- Associated Press - Saturday, April 12, 2014

LONDON (AP) - By the Wembley pitch, 96 seats remained empty on Saturday. Just a Liverpool scarf draped over each of them: a powerful tribute to the 96 Liverpool fans who went to an FA Cup semifinal 25 years earlier but never returned home.

The Liverpool-Nottingham Forest match lasted just six minutes before being halted at Hillsborough in 1989 as the magnitude of the deadly crush became apparent. A quarter of a century on, matches on Saturday - from the Arsenal-Wigan semifinal at Wembley Stadium to grounds across England - started at seven minutes past the hour.

The Hillsborough disaster changed the face of English football, and the treatment of the grieving families by authorities remains a scar on the nation that is yet to be fully healed. Even as the April 15, 1989 disaster is being remembered, families are back fighting in court in a bid to get the deaths officially described as unlawful killings after the controversial original accidental death verdicts were overturned.

“I have been privileged to meet with some of the families in recent months,” Football Association chairman Greg Dyke wrote in Saturday’s Wembley program. “And I am in awe of their courage and resilience.”

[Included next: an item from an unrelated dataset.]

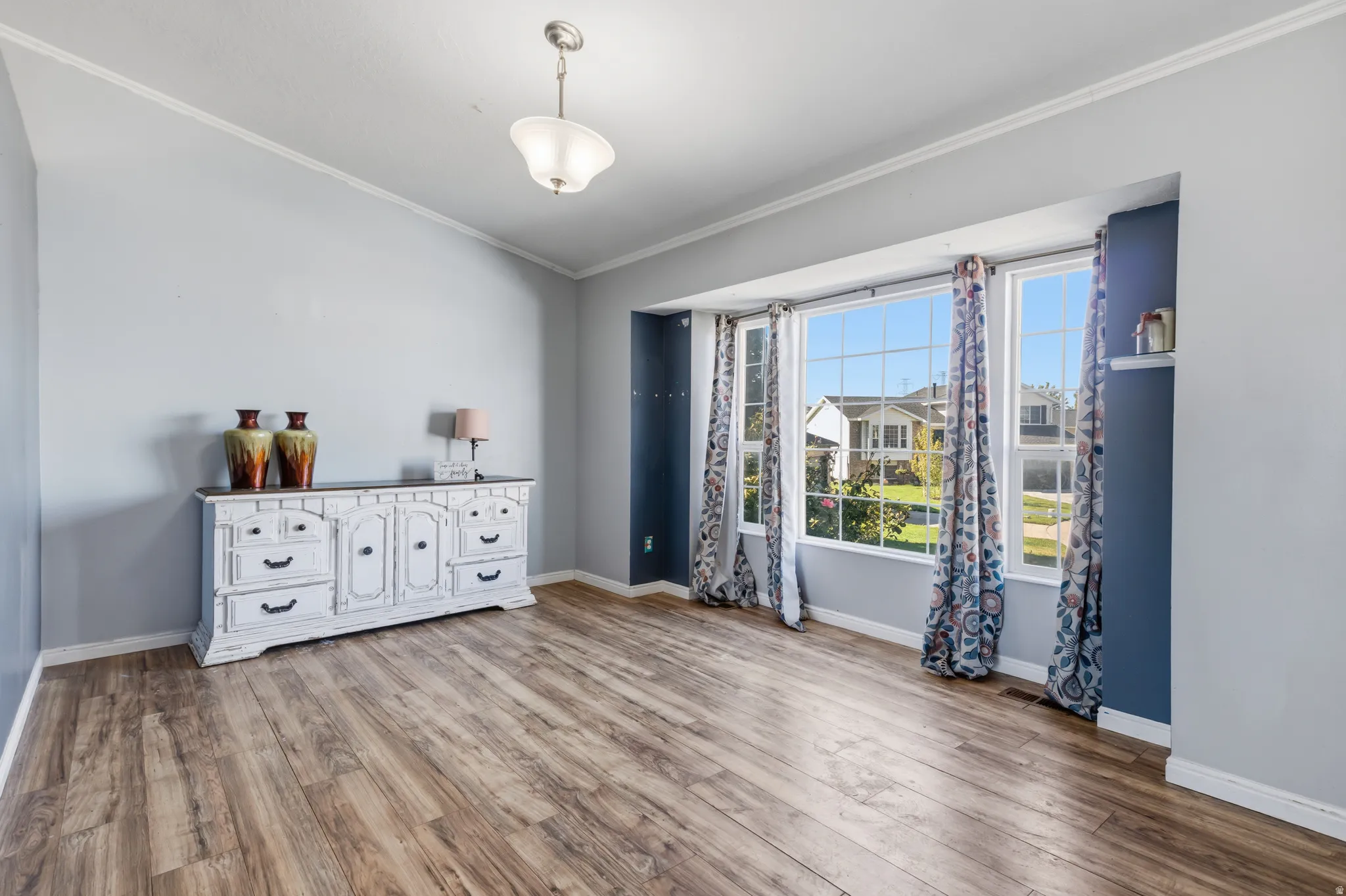 Wood-finish flooring with an angled ceiling and crown molding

It’s been a long fight for justice by the families, with many anniversaries passing until the fans themselves were finally, officially, exonerated of wrongdoing in 2012 after the release of previously-secret documents. It took until then for the FA to also apologize for staging one of its showpiece events at a ground without a valid safety certificate and with well-known previous crowd-safety issues.

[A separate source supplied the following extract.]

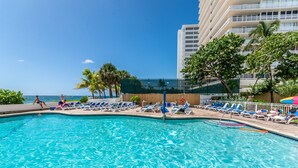 A swimming pool with clear blue water, surrounded by lounge chairs and palm trees.
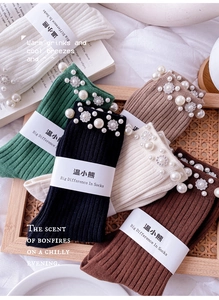 Detail of cotton crew socks with pearl and rhinestone embellishments in assorted colors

The disaster led to the introduction of all-seater stadiums that made matches in England among the safest in the world. The deadly crush at Sheffield Wednesday’s ground unfolded after police officers moved 2,000 Liverpool fans into standing-only, caged-in enclosures that were already full. Authorities sought to place the blame on the victims by characterizing the disaster as a result of hooliganism, but the 2012 documents uncovered a sophisticated attempt by police to blame innocent supporters by instructing officers to change statements and insinuate that many fans were drunk and had histories of violence or criminality.

“We are not fighting for something that was wrong, that was not truthful, and to have to be fighting for 25 years for that has been one hell of a journey,” said Margaret Aspinall, chairman of the Hillsborough Family Support Group, who lost her son James in the tragedy. “This city needs closure … and that is hopefully to get what is right, proper and just and what we should have had 25 years ago and then everyone hopefully can move on.”

There will be further tributes at Anfield when Liverpool hosts Manchester City on Sunday, a poignant occasion for the club and an important game for a team closing in on its first English championship since 1990.

After a memorial service at Anfield on the anniversary on Tuesday, the families’ focus will return to the specially-constructed courtroom near Liverpool in Warrington where the new inquests into the 96 deaths are being heard by a jury.

“We still have got a long way to go,” Aspinall said. “We’ve had no accountability and no one knows what is going to happen through these inquests but we feel it is time, especially with it being the 25th anniversary, to be united.”

Just as the whole of English football seems to be this weekend as it remembers the country’s worst sporting disaster. At Wembley, soon after a minute’s silence began, some Arsenal fans began chanting “Justice for the 96.”

“We are a lot closer to that now than we were 25 years ago,” Kenny Dalglish, who was Liverpool manager at Hillsborough, said ahead of the anniversary.

“It was a horrendous experience and something that should have never happened.”

The message from across English football this weekend is that it will be never be forgotten.